En 1956, l’intervention des chars soviétiques à Budapest, qui écrasent dans le sang l’insurrection populaire, est pour Picasso, comme pour beaucoup de communistes et de compagnons de route, un véritable traumatisme. Il n’arrive plus à travailler. Il faut dire qu’il est alors l’objet de pressions contradictoires très fortes. Michel Leiris et Jacques Prévert, ses amis de longue date, prennent publiquement position contre l’Union soviétique et le pressent d’en faire autant. De l’autre côté, il y a Aragon et d’autres camarades qui se taisent, qui croient qu’il vaut mieux avoir tort avec le Parti qu’avoir raison contre lui

Finalement, Picasso choisit une position intermédiaire. Il signe avec le peintre Édouard Pignon, son épouse Hélène Parmelin et sept autres intellectuels communistes une lettre ouverte cf. Annette Wieviorka, p. 72 . Picasso, soulagé d’avoir au moins pris la parole, confie alors à son ami et biographe Roland Penrose : « Cette période est passée. C’est une nouvelle période qui commence. »

Sa peinture s’éloigne dorénavant de préoccupations politiques. Il continuera toutefois de verser de l’argent à des journaux de gauche, tel Le Patriote de Toulouse et, en novembre 1956 encore il donne 3 millions de francs aux Enfants des fusillés de la Résistance. Tous les ans il offre un tableau à l’association Le Bol d’air, ce qui permet à des enfants défavorisés de partir en vacances...

L’H. : Peut-on dire que Picasso fut un peintre révolutionnaire engagé ?
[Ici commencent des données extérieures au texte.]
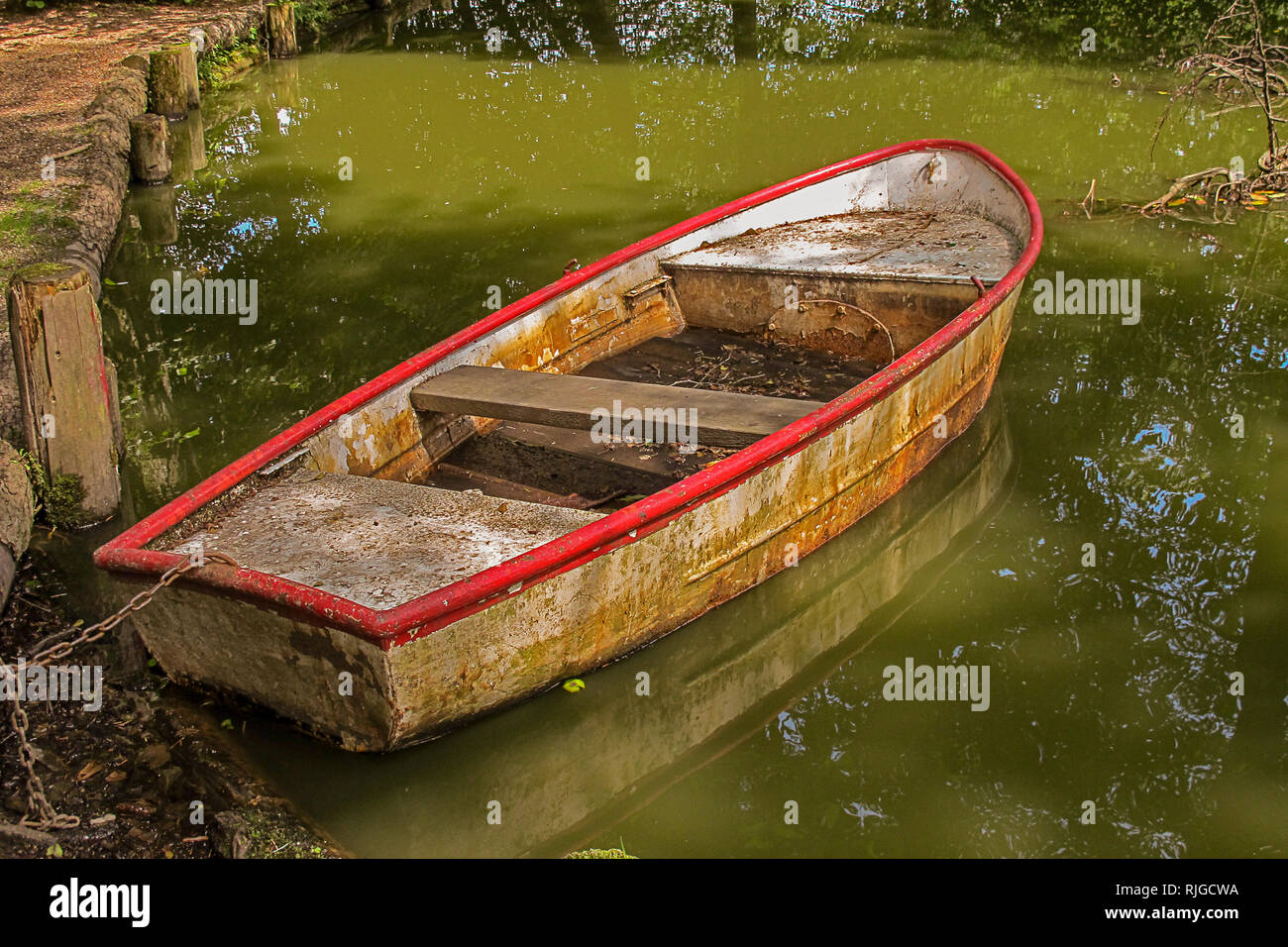 old dirty rowing boat on a small pond Stock Photo - Alamy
P. R. : Sur le plan artistique, c’est un révolutionnaire qui n’est nullement iconoclaste, car il est en dialogue constant avec les grands maîtres du passé. Matisse, son principal rival, a comparé sa propre peinture à un fauteuil confortable et reposant. Picasso tenait évidemment un tout autre discours, notamment lorsqu’il affirmait, en 1945, que « la peinture n’est pas faite pour décorer des appartements. C’est un instrument de guerre pour l’attaque et la défense contre l’ennemi ».

Jusqu’à la fin de sa très longue vie il est mort en 1973, à 91 ans, Picasso a lutté contre le temps, contre la mort et a exprimé sa révolte dans de nombreux domaines. En 1907, il a révolutionné la peinture et inventé le cubisme ; vers la fin des années 1920, il a révolutionné la sculpture en y introduisant des matières et des techniques de fabrication industrielles. Il fut en même temps, dans un style classique, un dessinateur hors pair. Il fut également, dans les années 1930, un grand poète, qui pratiquait l’écriture automatique plus librement que les surréalistes. Il a écrit des pièces de théâtre, et il a renouvelé l’art de la céramique. Picasso, ce fut un artiste complet, entièrement impliqué dans son travail. Une version de Guernica est accrochée au siège des Nations unies à New York. Ce serait bien que les responsables politiques la contemplent avant de prendre des décisions concernant la guerre et la paix dans le monde.

Si certains des tableaux de Picasso ont une telle résonance politique, l’ensemble de sa production a surtout une valeur universelle. Ses oeuvres continuent de nous secouer et de nous communiquer une grande part de leur vitalité créatrice.